Tutorial: Custom Kernels & Pytree Data¶

One of the goals of the tinygp interface design was to make the kernel building framework flexible and easily extensible. In this tutorial, we demontrate this interface with two examples; one simple, and one more complicated. Besides describing this interface, we also show how tinygp can support arbitrary JAX pytrees as input.

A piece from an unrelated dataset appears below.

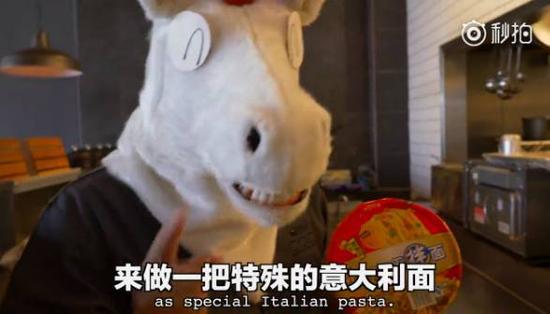 他还悟出了一个真理:想要卖得贵,量必须得少,所以这道菜的精髓是“量少价高”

Example: Spectral mixture kernel¶

In this section, we will implement the “spectral mixture kernel” proposed by Gordon Wilson & Adams (2013). It would be possible to implement this using sums of built in kernels, but the interface seems better if we implement a custom kernel and I expect that we’d get somewhat better performance for mixtures with many components.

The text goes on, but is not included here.